Work to complete:
Exact copy, no pictures: reproduce the lines from the one that holds "ポケモンカードゲーム MEGA ドリームex シュリンク付きBOX" through the end of the entries.
─── Material for this exercise ───
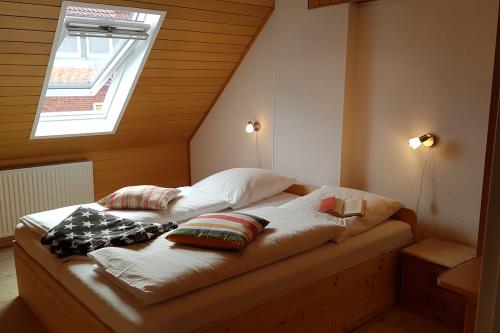 Langeoog Ferienwohnung Habbos Hus - Twee - Ausstattung 8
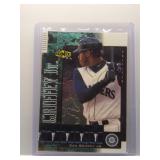 Ken Griffey, Jr. 2000 UD IoNix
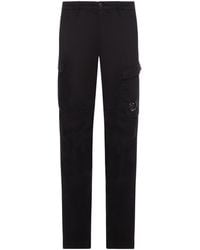 C.P. Company - Lente Cargo Pants - Lyst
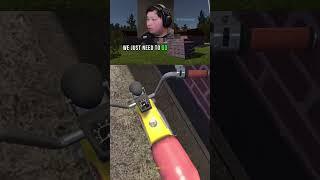 How To Start & Use The Bike in My Summer Car #shorts #ytshorts #mysummercar #fyp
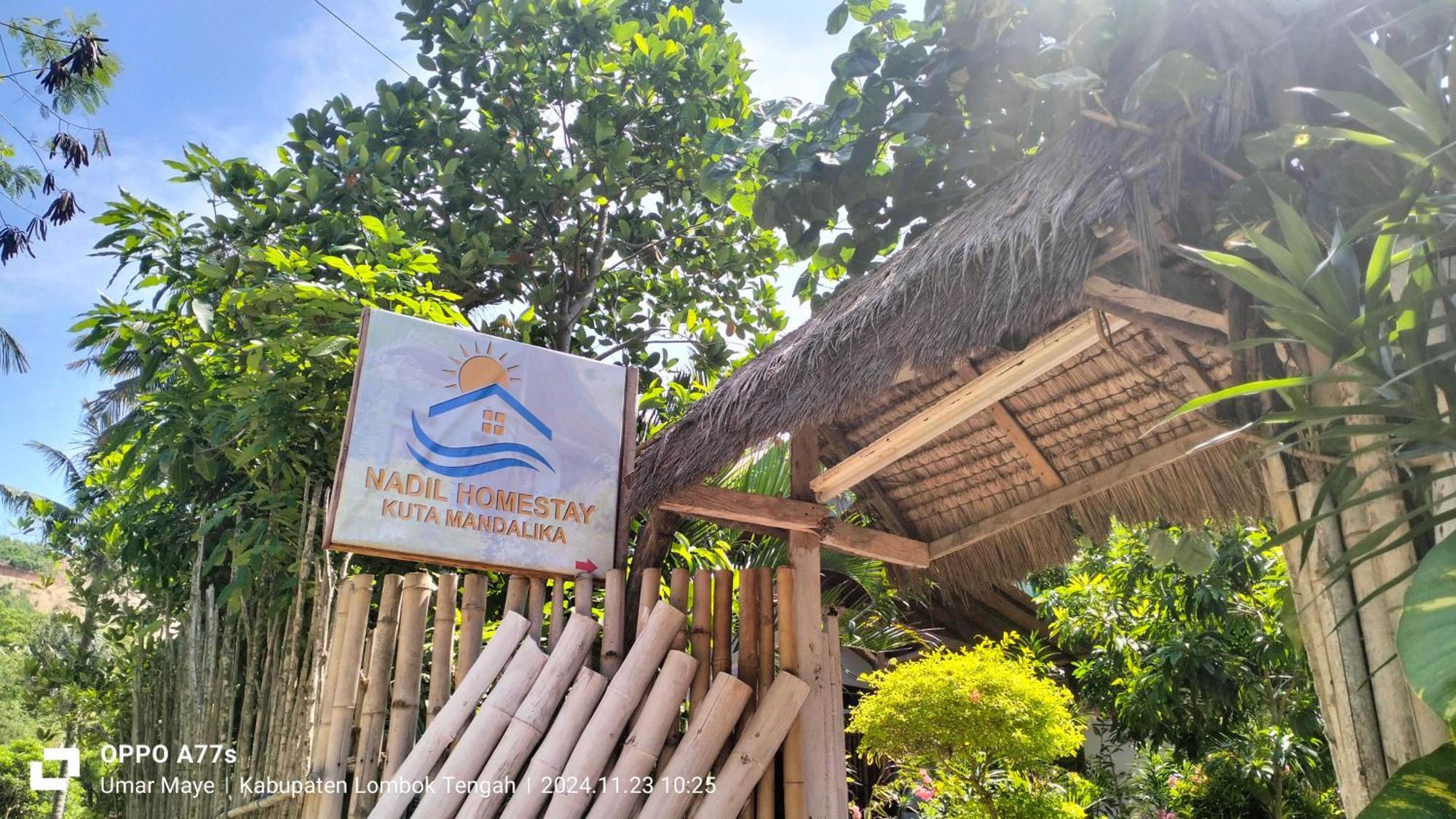 Nadil Homestay Kuta  Exterior photo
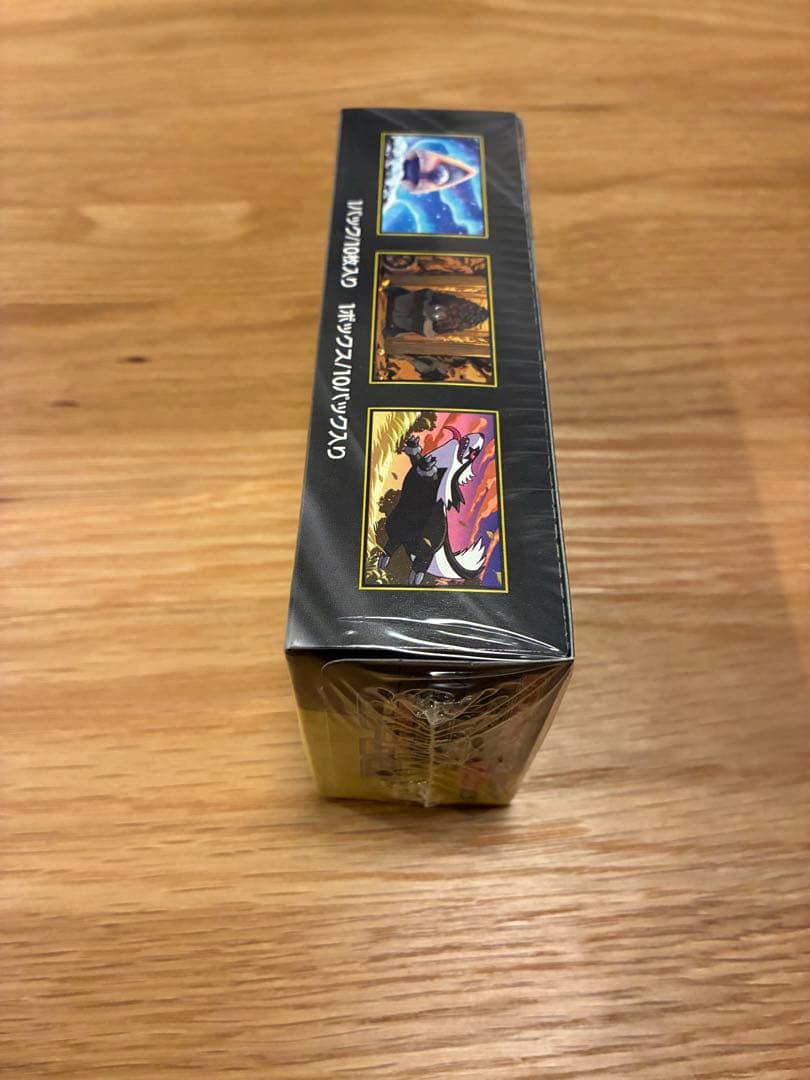 ポケモンカードゲーム MEGA ドリームex シュリンク付きBOX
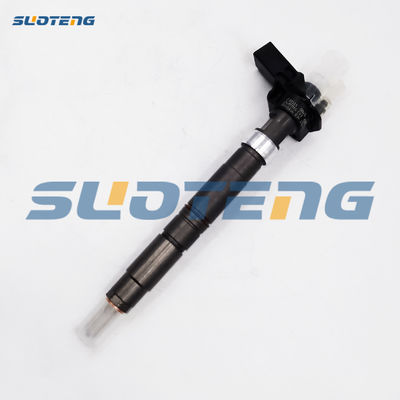 0 445 116 034 Injetor de Combustível Common Rail 0445116034 para Escavadeira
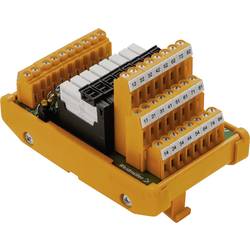 Weidmüller deska s relé s ukazatelem, LED 1 ks RSMS-16 24V- 1CO S 24 V/DC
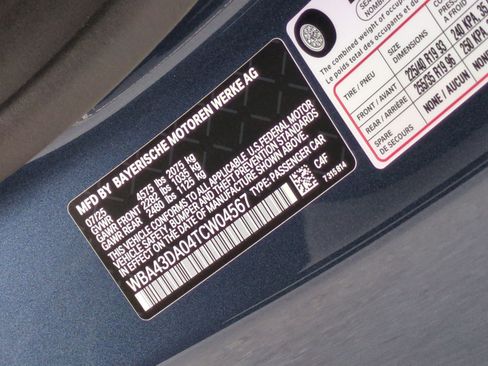 Used 2026 BMW 430i Coupe w/ M Sport Package RWD image 32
───
Task response:
 ポケモンカードゲーム MEGA ドリームex シュリンク付きBOX
 0 445 116 034 Injetor de Combustível Common Rail 0445116034 para Escavadeira
 Weidmüller deska s relé s ukazatelem, LED 1 ks RSMS-16 24V- 1CO S 24 V/DC
 Used 2026 BMW 430i Coupe w/ M Sport Package RWD image 32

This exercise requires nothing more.